Day07: Flesch reading ease

Posted by csiu on March 3, 2017 | with: 100daysofcode, Text mining

DAY 07 - Mar 3, 2017

The Flesch reading ease score (mentioned yesterday) got me thinking. How would different passages of text rate in terms of ease of understandability?

The Jupyter Notebook for this little project is found here.

Flesch reading ease

Flesch reading ease is a measure of how difficult a passage in English is to understand. The formula for the readability ease measure is calculated as follows:

RE = 206.835 – (1.015 x ASL) – (84.6 x ASW)

where ASL is the average sentence length (total words/total sentences) and ASW is the average number of syllables per word (total syllables/total words).

def readability_ease(num_sentences, num_words, num_syllables):
    asl = num_words / num_sentences
    asw = num_syllables / num_words

    return(206.835 - (1.015 * asl) - (84.6 * asw))

The score ranges from 0 to 100 and a higher scores indicate material that is easier to read.

def readability_ease_interpretation(x):
    if 90 <= x:
        res = "5th grade] "
        res += "Very easy to read. Easily understood by an average 11-year-old student."

    elif 80 <= x < 90:
        res = "6th grade] "
        res += "Easy to read. Conversational English for consumers."

    elif 70 <= x < 80:
        res = "7th grade] "
        res += "Fairly easy to read."

    elif 60 <= x < 70:
        res = "8th & 9th grade] "
        res += "Plain English. Easily understood by 13- to 15-year-old students."

    elif 50 <= x < 60:
        res = "10th to 12th grade] "
        res += "Fairly difficult to read."

    elif 30 <= x < 50:
        res = "College] "
        res += "Difficult to read."

    elif 0 <= x < 30:
        res = "College Graduate] "
        res += "Very difficult to read. Best understood by university graduates."

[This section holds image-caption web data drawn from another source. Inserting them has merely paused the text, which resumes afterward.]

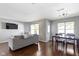 Open-concept living area with a sofa, television, hardwood flooring and dining table next to bright windows at 603 Daviess Dr, Westfield, IN 46074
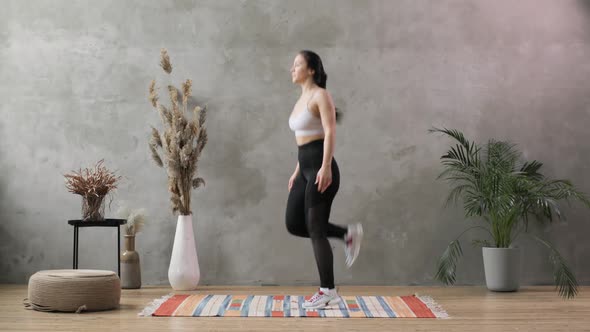 Young Woman Does Sport on the Background of a Gray Concrete Wall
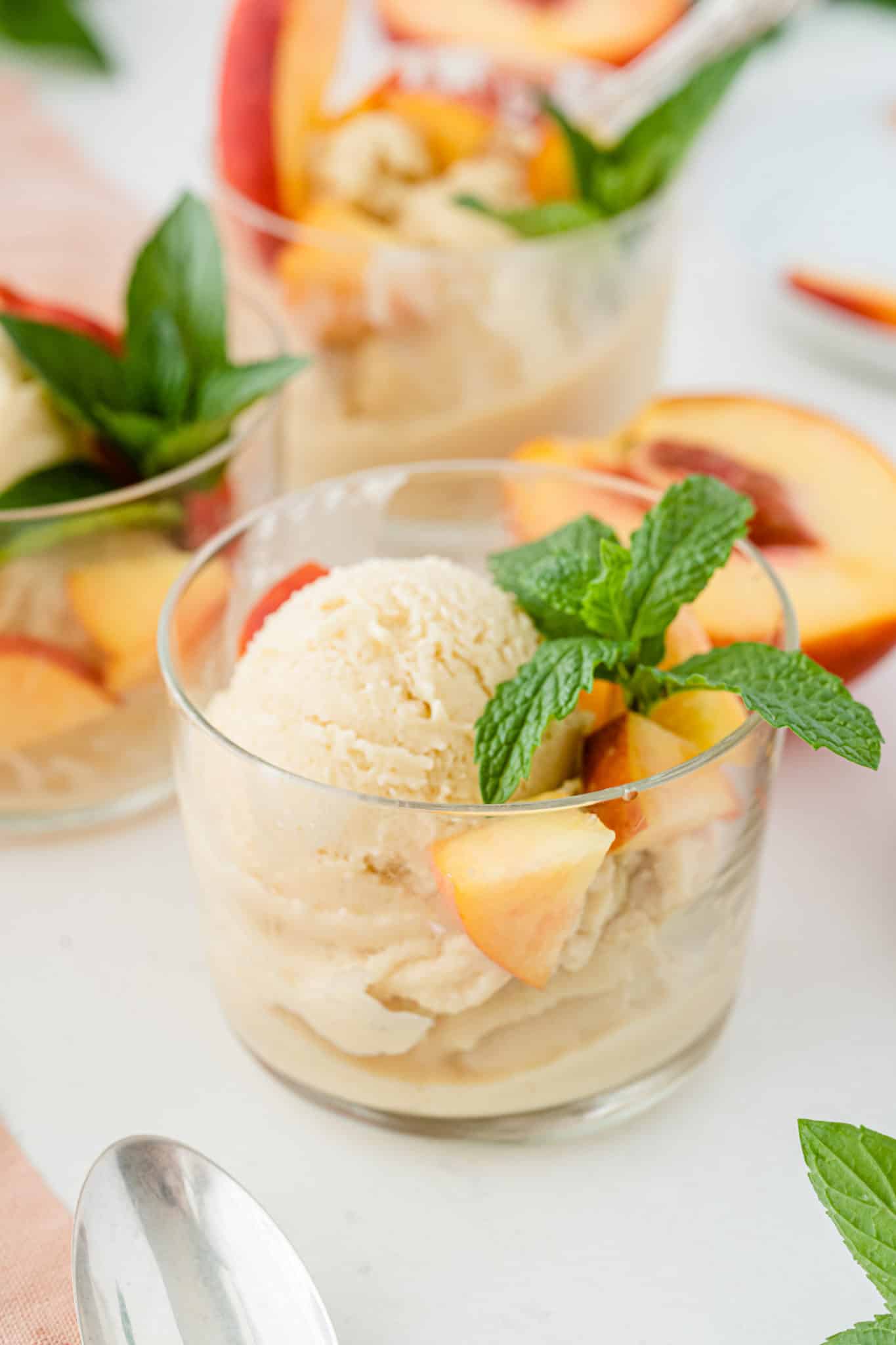 bowl of vegan peach ice cream with fresh mint
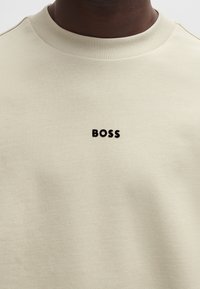 Beige sweatshirt tillverkad av mjukt tyg, med en ribbad crew neck och en svart "BOSS"-logotyp placerad på bröstet.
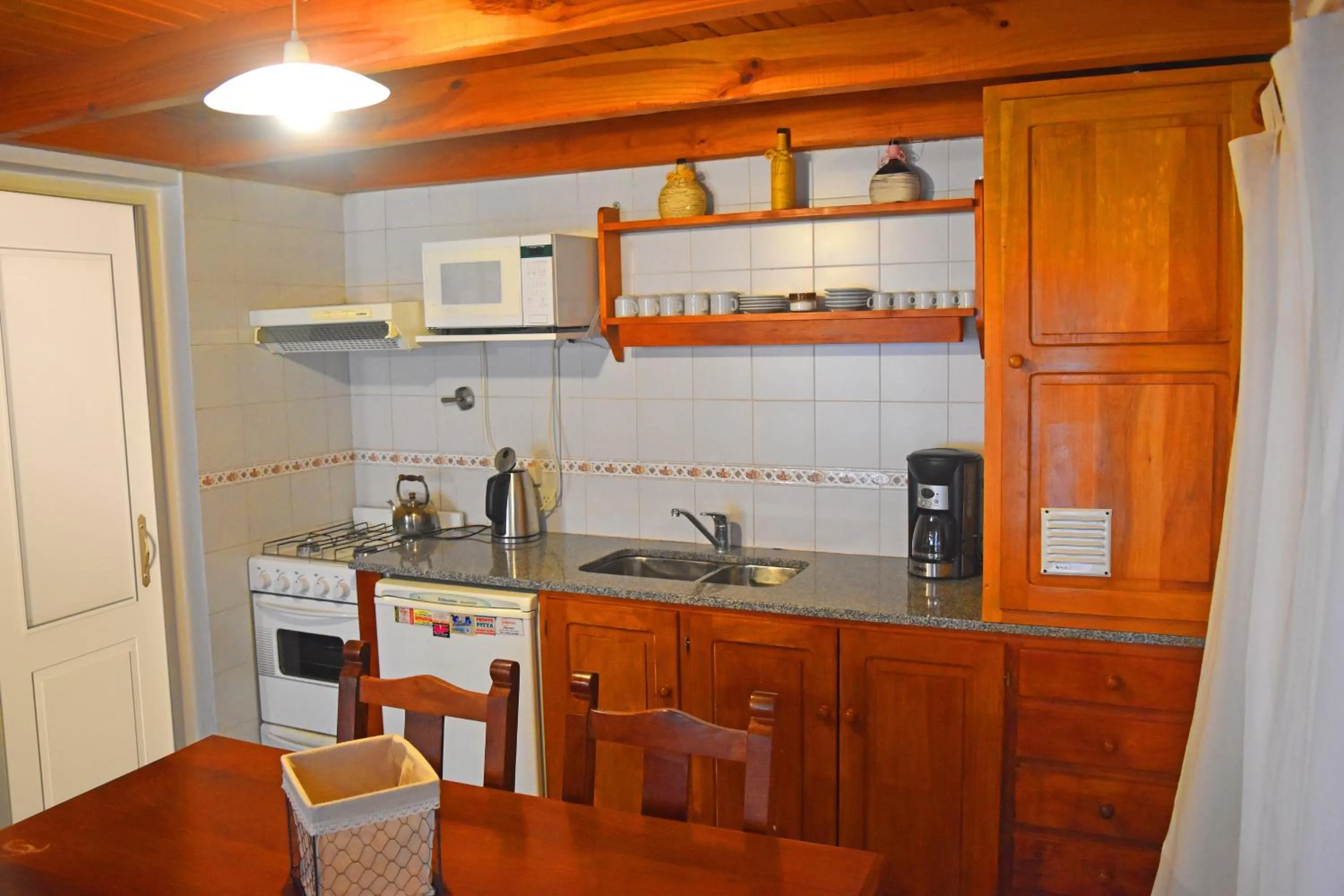 Kitchen or kitchenette in Cabañas Del Lacar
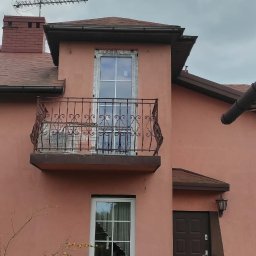 Fenix - Dwupiętrowy dom z balkonem i nowymi oknami PCV. Widoczna osoba sprzątająca teren wokół budynku. Elewacja w odcieniach różu, dachówka brązowa. Antena na dachu.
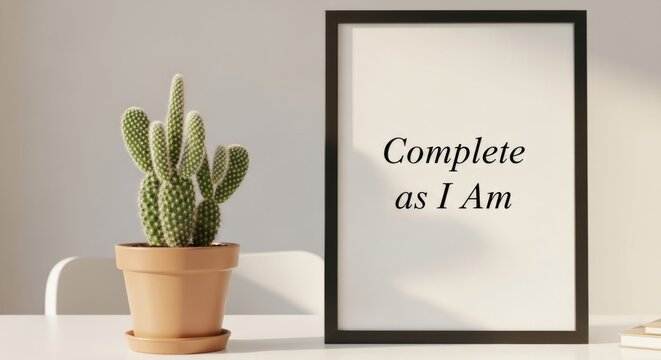 small potted cactus on a white desk next to a framed quote: "Complete as I Am." - Powered by Adobe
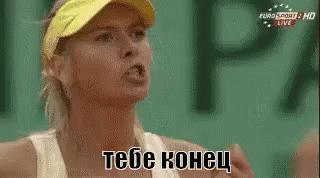 A Woman Wearing A Yellow Visor And A White Tank Top Is Talking To Someone In A Foreign Language . GIF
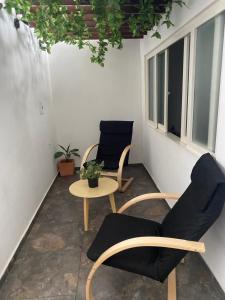 a room with two chairs and a table at Hotel Arrendajo in Acacías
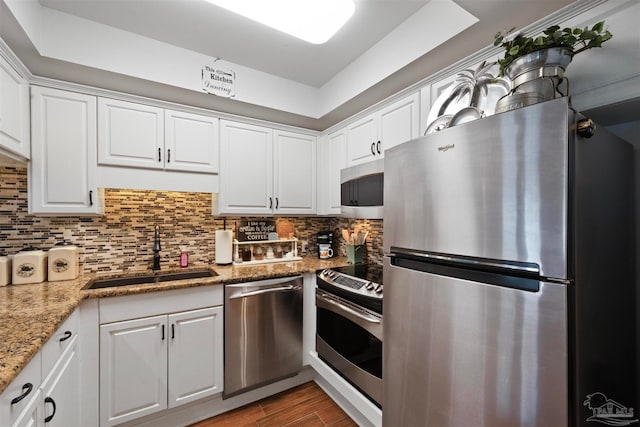 kitchen featuring appliances with stainless steel finishes, sink, backsplash, and white cabinets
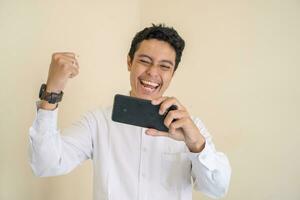 Indonesian office employee wear white clothes happy playing game when working hour. photo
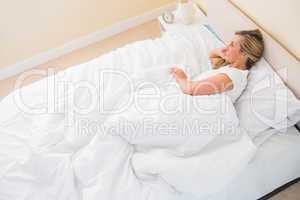 Smiling woman lying on her bed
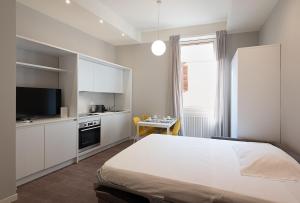 una camera con letto e TV e una cucina di Good night Romeo - Eleganti Dimore a Verona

    print("[{:.1f}|{}".format(x, res))

Test case

In this test case, we have 12 words, 14 syllables, and 3 sentences:

text = "Hello world, how are you? I am great. Thank you for asking!"

Counting words

Counting words is easy.

import nltk
import re

text = text.lower()

words = nltk.wordpunct_tokenize(re.sub('[^a-zA-Z_ ]', '',text))
num_words = len(words)

print(words)
print(num_words)
['hello', 'world', 'how', 'are', 'you', 'i', 'am', 'great', 'thank', 'you', 'for', 'asking']
12

Counting syllables

Counting syllables is a bit more tricky. According to Using Python and the NLTK to Find Haikus in the Public Twitter Stream by Brandon Wood (2013), the Carnegie Mellon University (CMU) Pronouncing Dictionary corpora contain the syllable count for over 125,000 (English) words and thus could be used to count syllables.

from nltk.corpus import cmudict
from curses.ascii import isdigit

d = cmudict.dict()

def count_syllables(word):
    return([len(list(y for y in x if isdigit(y[-1]))) for x in d[word.lower()]][0])
print("Number of syllables per word", "="*28, sep="\n")
for word in words:
    num_syllables = count_syllables(word)
    print("{}: {}".format(word, num_syllables))
Number of syllables per word
============================
hello: 2
world: 1
how: 1
are: 1
you: 1
i: 1
am: 1
great: 1
thank: 1
you: 1
for: 1
asking: 2

Counting sentences

Counting sentences was already done in Day03.

sentences = nltk.tokenize.sent_tokenize(text)
num_sentences = len(sentences)

print("Number of sentences: {}".format(num_sentences), "="*25, sep="\n")
for sentence in sentences:
    print(sentence)
Number of sentences: 3
=========================
hello world, how are you?
i am great.
thank you for asking!

Putting it all together

def flesch_reading_ease(text):
    ## Preprocessing
    text = text.lower()

    sentences = nltk.tokenize.sent_tokenize(text)
    words = nltk.wordpunct_tokenize(re.sub('[^a-zA-Z_ ]', '',text))

    ## Count
    num_sentences = len(sentences)
    num_words = len(words)
    num_syllables = sum([count_syllables(word) for word in words])

    ## Calculate
    fre = readability_ease(num_sentences, num_words, num_syllables)
    return(fre)

We find the test text was constructed at a 5th grade level.

fre = flesch_reading_ease(text)
readability_ease_interpretation(fre)
[104.1|5th grade] Very easy to read. Easily understood by an average 11-year-old student.

It’s strange the score is above 100.

What about Shakespeare?

# (As You Like it Act 2, Scene 7)
text = """
All the world's a stage,
and all the men and women merely players.
They have their exits and their entrances;
And one man in his time plays many parts
"""

fre = flesch_reading_ease(text)
readability_ease_interpretation(fre)
[87.1|6th grade] Easy to read. Conversational English for consumers.

… Thus, Shakespeare is be doable in high school.